[[ INFORMATION PROVIDED open ]]

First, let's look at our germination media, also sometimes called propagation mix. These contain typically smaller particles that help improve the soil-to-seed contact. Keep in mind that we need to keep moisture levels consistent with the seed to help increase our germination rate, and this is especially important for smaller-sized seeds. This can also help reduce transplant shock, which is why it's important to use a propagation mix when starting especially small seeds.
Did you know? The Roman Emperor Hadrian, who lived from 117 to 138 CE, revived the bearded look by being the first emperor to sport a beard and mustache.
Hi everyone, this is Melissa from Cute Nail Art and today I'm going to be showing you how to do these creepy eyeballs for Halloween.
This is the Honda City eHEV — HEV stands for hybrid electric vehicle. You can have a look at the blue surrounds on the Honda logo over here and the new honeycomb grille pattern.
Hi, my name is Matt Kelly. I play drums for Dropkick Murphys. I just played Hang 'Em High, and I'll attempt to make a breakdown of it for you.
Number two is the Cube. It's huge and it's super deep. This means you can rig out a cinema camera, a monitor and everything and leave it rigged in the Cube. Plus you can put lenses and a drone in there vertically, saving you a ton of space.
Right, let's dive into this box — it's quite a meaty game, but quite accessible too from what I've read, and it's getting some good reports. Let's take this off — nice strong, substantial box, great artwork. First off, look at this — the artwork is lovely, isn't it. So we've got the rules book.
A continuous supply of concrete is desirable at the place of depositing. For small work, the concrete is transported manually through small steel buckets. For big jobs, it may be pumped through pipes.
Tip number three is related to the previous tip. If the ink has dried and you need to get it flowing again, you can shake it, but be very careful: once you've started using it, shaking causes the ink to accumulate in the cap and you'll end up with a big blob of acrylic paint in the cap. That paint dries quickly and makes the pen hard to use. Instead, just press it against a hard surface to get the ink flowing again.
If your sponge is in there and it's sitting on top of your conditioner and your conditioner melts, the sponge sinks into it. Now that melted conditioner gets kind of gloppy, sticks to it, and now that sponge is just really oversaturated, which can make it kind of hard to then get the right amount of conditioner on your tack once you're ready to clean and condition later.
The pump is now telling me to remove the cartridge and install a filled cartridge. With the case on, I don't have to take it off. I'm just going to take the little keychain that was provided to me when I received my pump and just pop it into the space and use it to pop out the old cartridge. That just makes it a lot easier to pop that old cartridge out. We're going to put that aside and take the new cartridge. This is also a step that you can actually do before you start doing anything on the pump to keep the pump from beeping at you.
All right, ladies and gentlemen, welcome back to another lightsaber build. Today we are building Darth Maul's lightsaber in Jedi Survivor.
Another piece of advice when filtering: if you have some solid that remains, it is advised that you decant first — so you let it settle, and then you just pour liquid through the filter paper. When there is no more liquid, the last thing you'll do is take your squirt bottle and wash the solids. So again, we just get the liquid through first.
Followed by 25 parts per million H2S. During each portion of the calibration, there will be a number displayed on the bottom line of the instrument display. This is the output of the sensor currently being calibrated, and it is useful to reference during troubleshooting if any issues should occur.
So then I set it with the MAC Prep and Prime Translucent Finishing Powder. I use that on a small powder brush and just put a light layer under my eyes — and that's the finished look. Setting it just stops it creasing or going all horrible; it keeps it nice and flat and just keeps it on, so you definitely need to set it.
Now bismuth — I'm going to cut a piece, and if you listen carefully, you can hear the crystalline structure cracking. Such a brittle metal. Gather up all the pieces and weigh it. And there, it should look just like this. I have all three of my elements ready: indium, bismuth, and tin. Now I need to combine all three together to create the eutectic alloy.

[[ INFORMATION PROVIDED closed ]]

▶ PROMPT: The stretch of entries above that starts with the line containing "Right, let's dive" and goes on through the line containing "A continuous supply" is to be transcribed exactly, and no other line is to be transcribed.

▶ OUTPUT BELOW:
Right, let's dive into this box — it's quite a meaty game, but quite accessible too from what I've read, and it's getting some good reports. Let's take this off — nice strong, substantial box, great artwork. First off, look at this — the artwork is lovely, isn't it. So we've got the rules book.
A continuous supply of concrete is desirable at the place of depositing. For small work, the concrete is transported manually through small steel buckets. For big jobs, it may be pumped through pipes.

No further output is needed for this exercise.